Your instructions:
In the entries that follow, find the line containing "SAM EDELMAN Laney", then output exactly every line from the first through that one.

(Short text fragments from websites)
╭──

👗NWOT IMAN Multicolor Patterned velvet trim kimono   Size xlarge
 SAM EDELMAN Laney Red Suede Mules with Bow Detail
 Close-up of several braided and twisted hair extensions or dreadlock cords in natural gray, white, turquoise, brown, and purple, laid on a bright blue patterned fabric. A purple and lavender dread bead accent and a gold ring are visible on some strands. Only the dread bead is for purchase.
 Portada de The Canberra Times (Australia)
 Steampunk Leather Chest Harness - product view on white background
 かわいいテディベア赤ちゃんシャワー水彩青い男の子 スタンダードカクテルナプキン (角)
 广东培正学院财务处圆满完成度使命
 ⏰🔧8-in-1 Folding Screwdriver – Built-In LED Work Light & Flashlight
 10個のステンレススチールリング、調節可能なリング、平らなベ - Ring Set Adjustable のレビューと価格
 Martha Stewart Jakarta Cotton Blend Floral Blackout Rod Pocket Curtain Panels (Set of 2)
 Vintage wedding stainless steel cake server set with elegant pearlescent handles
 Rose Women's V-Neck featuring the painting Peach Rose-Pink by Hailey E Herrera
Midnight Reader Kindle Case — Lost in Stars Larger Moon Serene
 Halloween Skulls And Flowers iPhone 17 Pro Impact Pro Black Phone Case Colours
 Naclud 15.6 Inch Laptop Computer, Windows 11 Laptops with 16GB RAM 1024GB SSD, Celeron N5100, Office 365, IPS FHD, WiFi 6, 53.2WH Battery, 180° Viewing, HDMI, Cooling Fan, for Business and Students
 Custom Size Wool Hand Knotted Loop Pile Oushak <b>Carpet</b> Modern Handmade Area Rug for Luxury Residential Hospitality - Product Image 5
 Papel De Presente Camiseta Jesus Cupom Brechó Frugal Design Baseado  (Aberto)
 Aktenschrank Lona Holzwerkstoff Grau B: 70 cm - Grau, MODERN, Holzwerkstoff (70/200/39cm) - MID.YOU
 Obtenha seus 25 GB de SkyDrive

╰──

Expected output:
👗NWOT IMAN Multicolor Patterned velvet trim kimono   Size xlarge
 SAM EDELMAN Laney Red Suede Mules with Bow Detail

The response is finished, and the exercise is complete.